[EXERCISE MATERIALS — start]

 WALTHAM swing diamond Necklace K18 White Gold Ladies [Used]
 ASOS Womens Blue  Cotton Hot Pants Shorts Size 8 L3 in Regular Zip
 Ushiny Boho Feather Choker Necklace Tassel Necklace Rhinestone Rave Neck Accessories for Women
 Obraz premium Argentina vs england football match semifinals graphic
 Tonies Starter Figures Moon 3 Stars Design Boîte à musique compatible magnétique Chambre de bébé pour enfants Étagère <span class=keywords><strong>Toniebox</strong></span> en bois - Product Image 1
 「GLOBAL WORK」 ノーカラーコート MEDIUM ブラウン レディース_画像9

[EXERCISE MATERIALS — finish]
[EXERCISE MATERIALS — start]

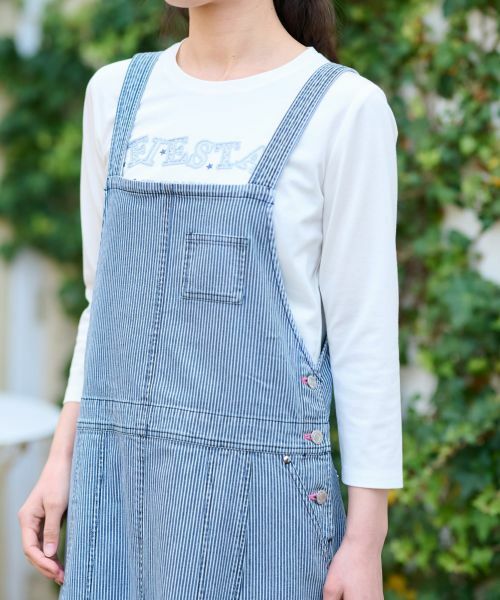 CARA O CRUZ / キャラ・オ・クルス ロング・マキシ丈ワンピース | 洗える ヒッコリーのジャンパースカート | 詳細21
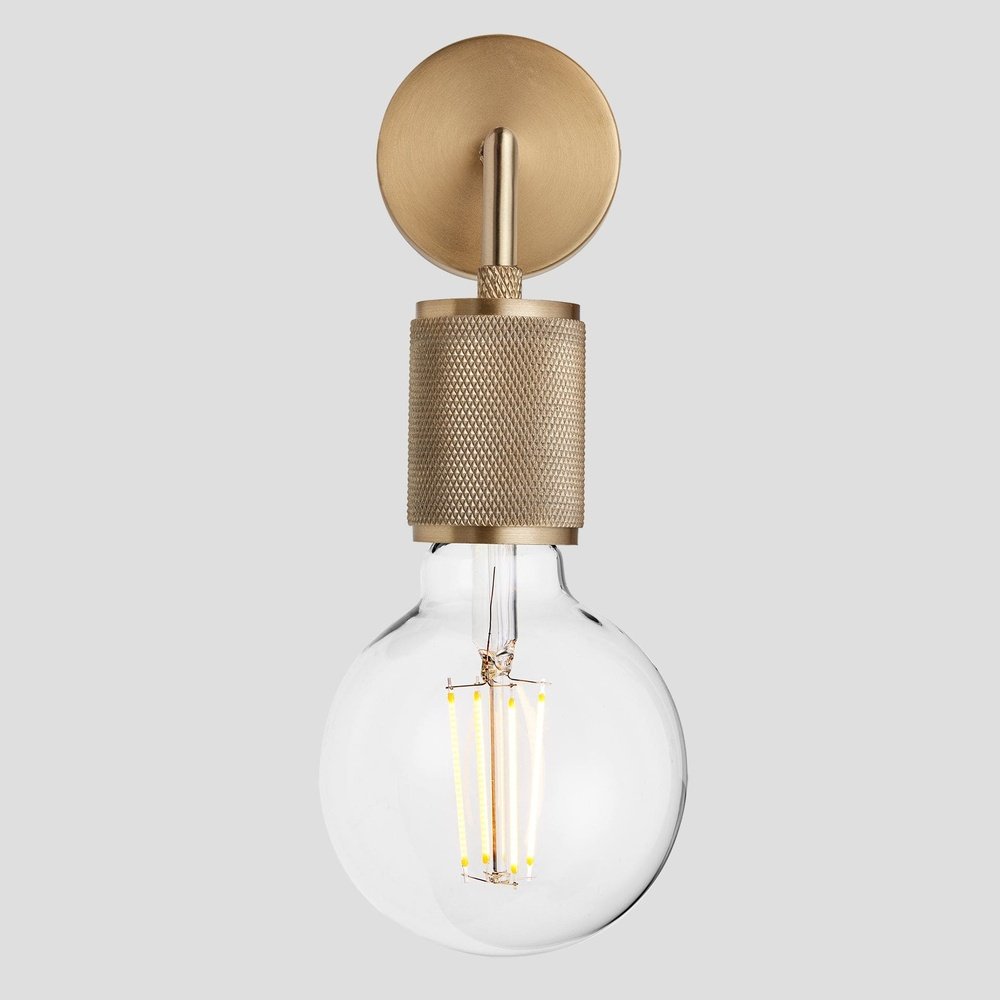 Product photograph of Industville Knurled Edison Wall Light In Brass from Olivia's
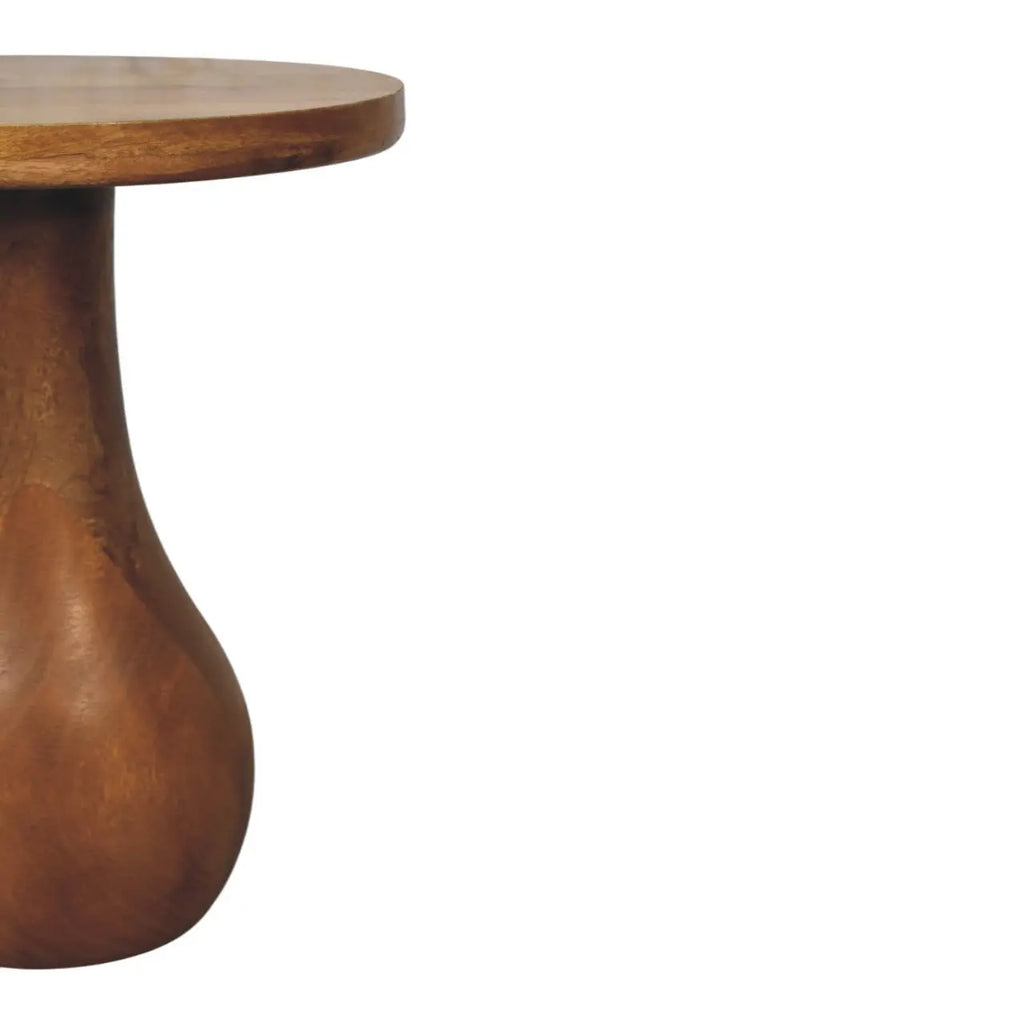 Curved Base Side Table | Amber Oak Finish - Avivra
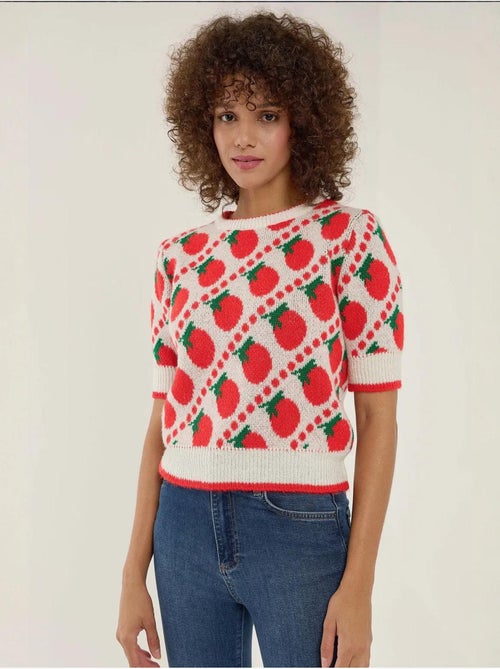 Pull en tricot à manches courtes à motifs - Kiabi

[EXERCISE MATERIALS — finish]
[EXERCISE MATERIALS — start]

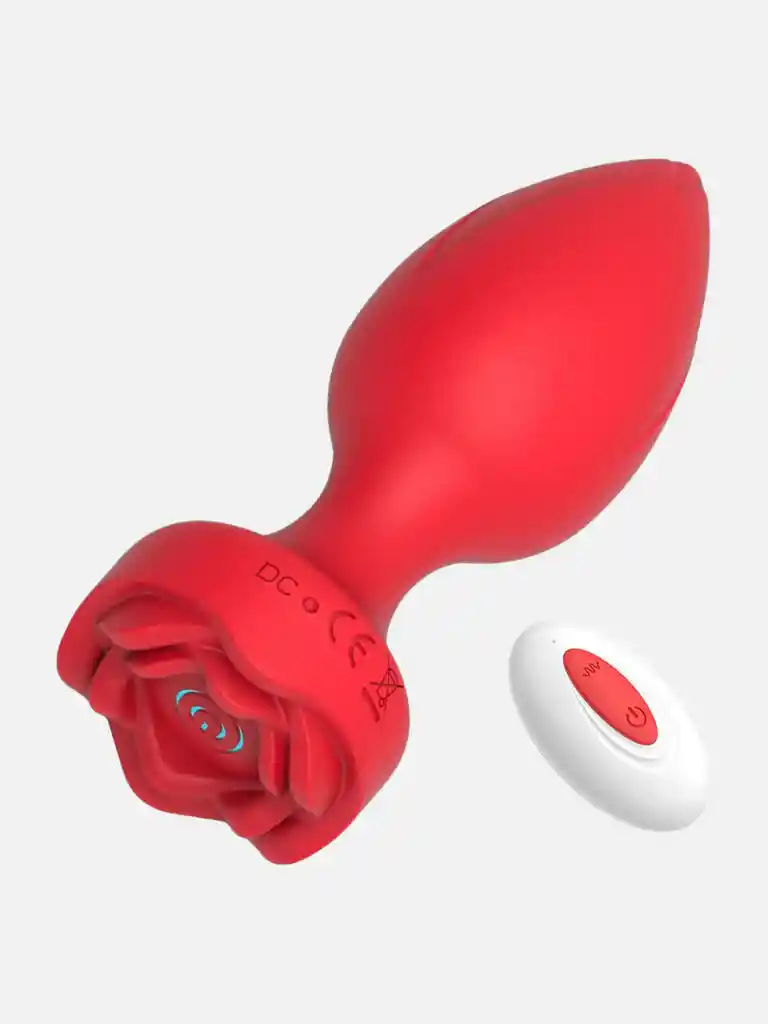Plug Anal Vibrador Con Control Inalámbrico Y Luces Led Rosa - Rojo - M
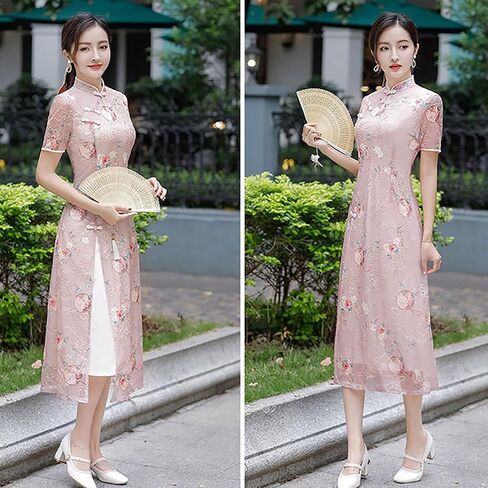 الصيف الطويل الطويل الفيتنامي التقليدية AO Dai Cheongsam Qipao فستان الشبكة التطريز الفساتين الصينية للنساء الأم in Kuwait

[EXERCISE MATERIALS — finish]

**YOUR GOAL**
Every line containing the string "Necklace" should be pulled from the listing and copied.

**RESULT**
 WALTHAM swing diamond Necklace K18 White Gold Ladies [Used]
 Ushiny Boho Feather Choker Necklace Tassel Necklace Rhinestone Rave Neck Accessories for Women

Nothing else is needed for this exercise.